• [Data supplied]:
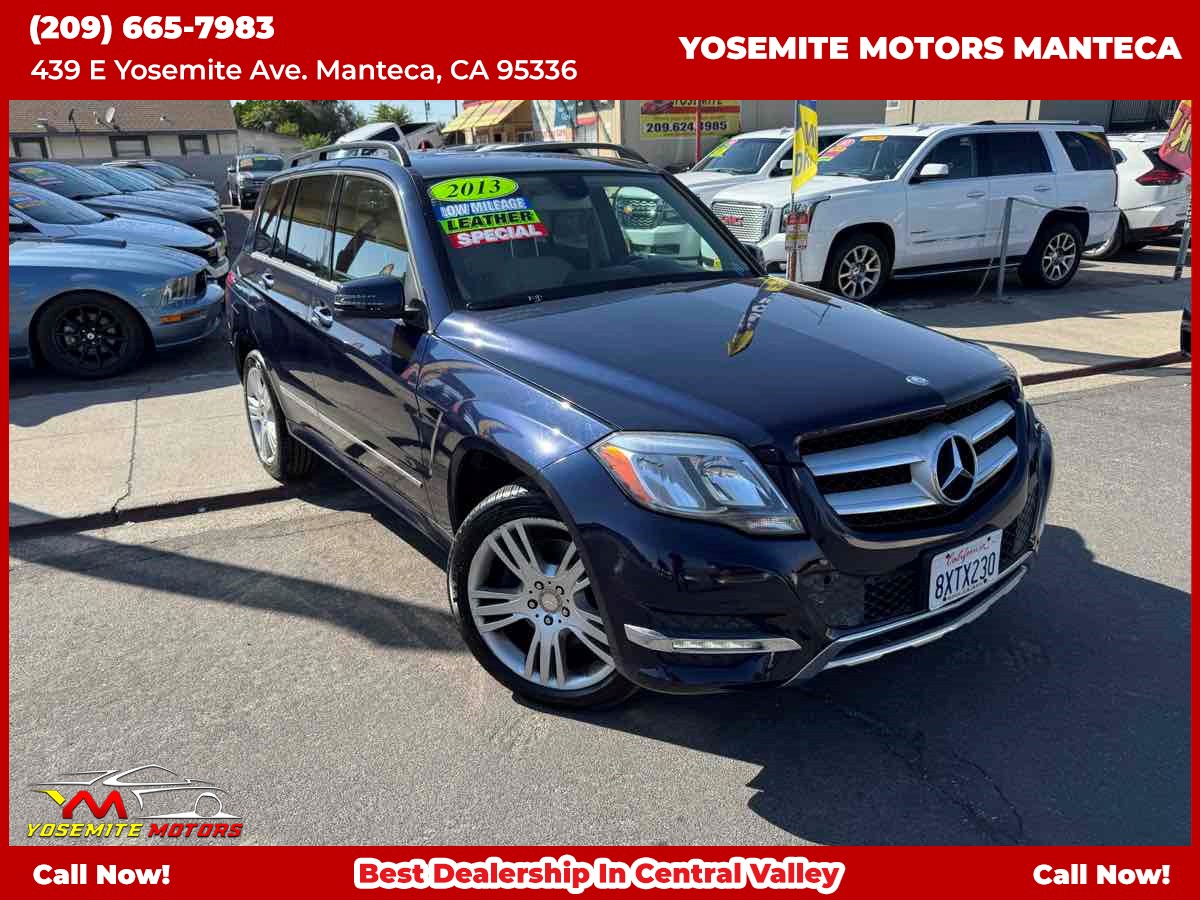 2013 Mercedes-Benz GLK-Class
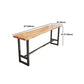 Modern 1/9 Pieces Bar Table Set Rectangle Wood Counter Table with High Stools Clearhalo 'Bar Furniture' 'furn' 'furn_home_bar_bar_sets' 'Furniture' 'Home Bars & Bar Sets' 'home_bar_bar_sets' 'Kitchen & Dining Furniture' 5634412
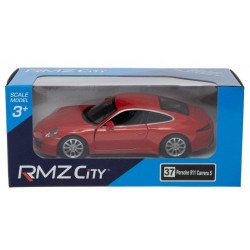 Porsche 911 Carrera S 2012 czerwony RMZ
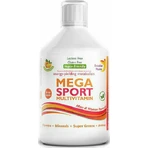 Swedish Nutra Mega Sport Multivitamin Мультивитамины для энергии, укрепления иммунитета и нервной системы Апельсин 500 мл: цены и характеристики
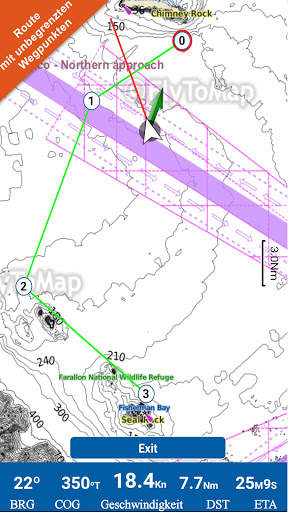AIS Flytomap GPS Seekarten screenshot 4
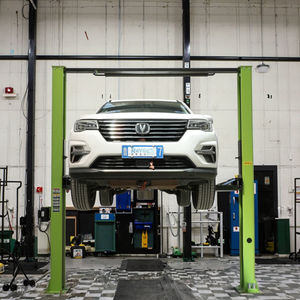 رافعة سيارات بعمودين بقدرة 12000 رطل، رافعة هيدروليكية كبيرة بعمودين، رافعة سيارات بعمودين بقدرة 4000 كجم، رافعة سيارات علوية بعمودين بقدرة 4 طن - Product Image 6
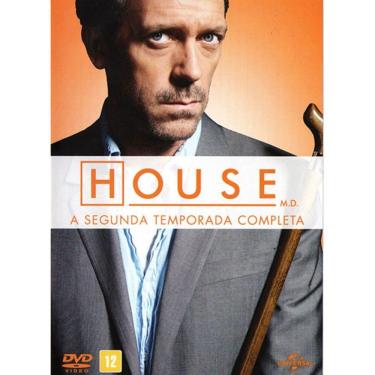 Imagem de Box DVD House Segunda Temporada Completa (6 DVDs)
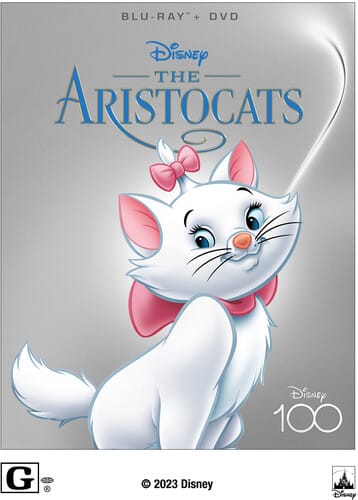 Walt Disney Pictures Movies > Blu-Ray BR: The Aristocats 786936820652 DSEY10878600BR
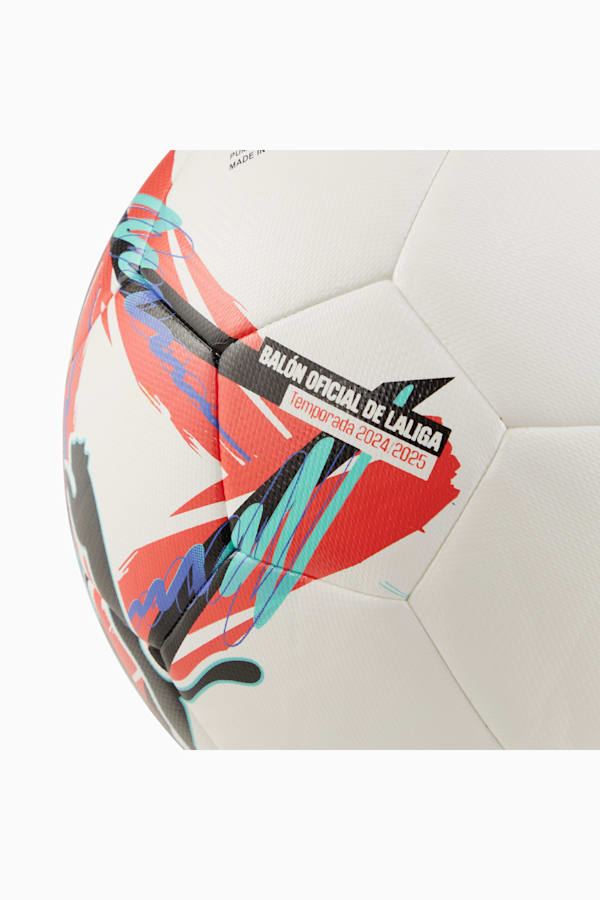 Orbita LaLiga 1 Hybrid Football, PUMA White-multicolor, extralarge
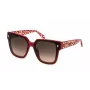 Moteriški JUST CAVALLI akiniai nuo saulės SJC089V6502GH Havana Acetate Grey Gradient 65/13/140 mm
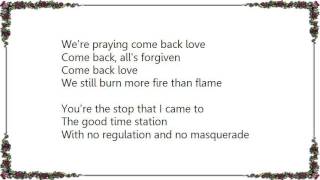Basia - More Fire Than Flame Lyrics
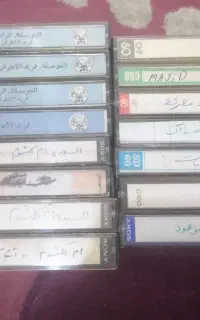 نوارکاست قدیمی اصل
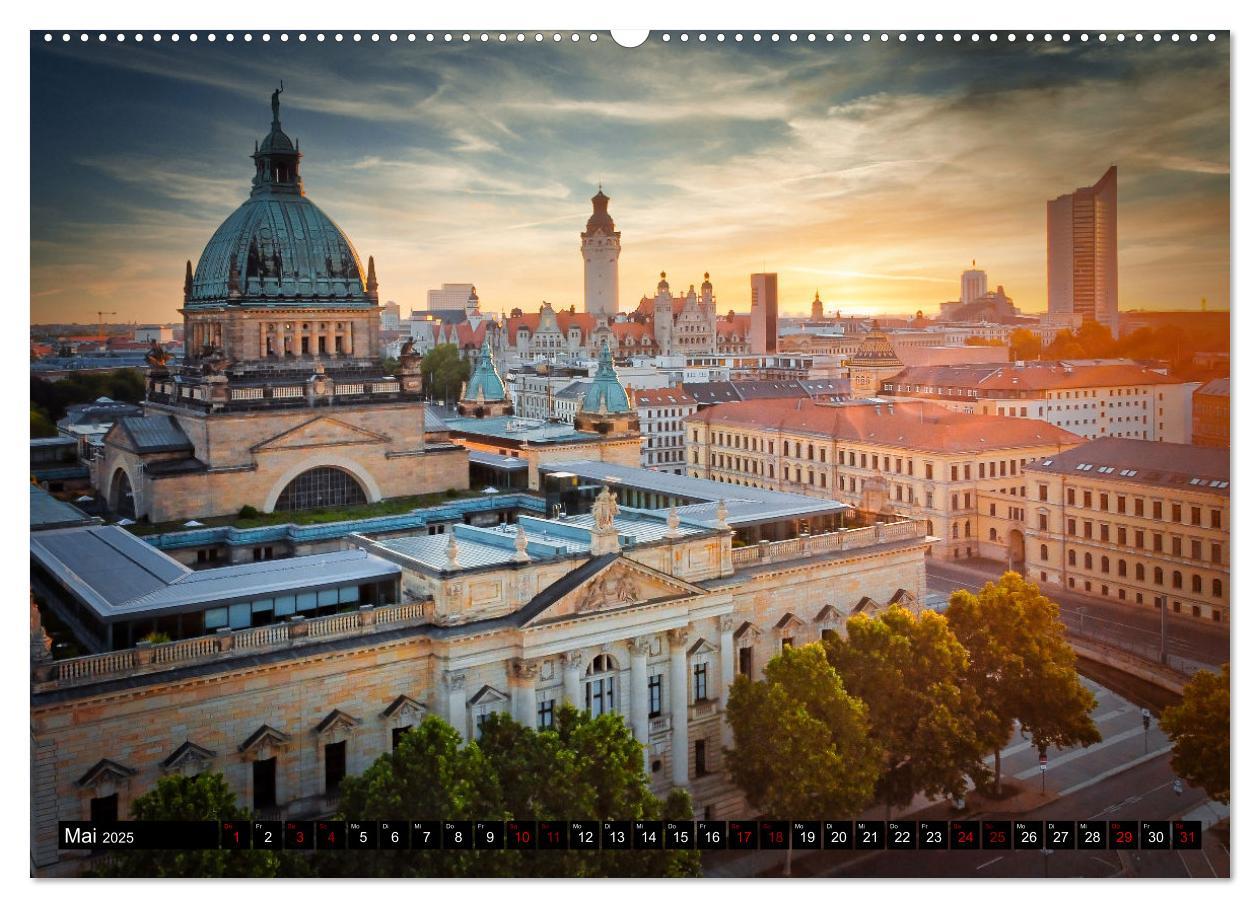 Bild: 9783383963780 | Leipzig Kalender Perspektiven (Wandkalender 2025 DIN A2 quer),...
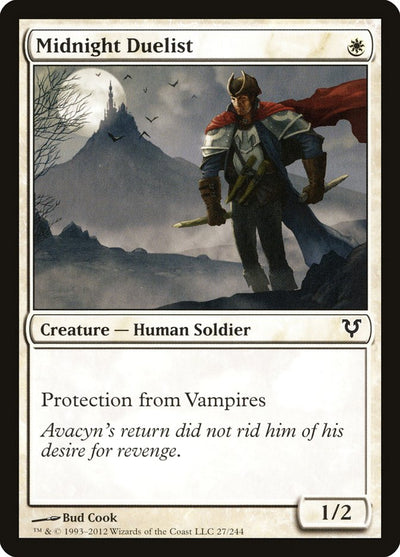 Midnight Duelist (27) (AVR)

• [Your assignment]: Exactly repeat every line from the line that includes "Basia - More Fire Than Flame Lyrics" to the end of the listing, and nothing else, leaving pictures out.

• [Final answer]:
Basia - More Fire Than Flame Lyrics
 نوارکاست قدیمی اصل
 Bild: 9783383963780 | Leipzig Kalender Perspektiven (Wandkalender 2025 DIN A2 quer),...
 Midnight Duelist (27) (AVR)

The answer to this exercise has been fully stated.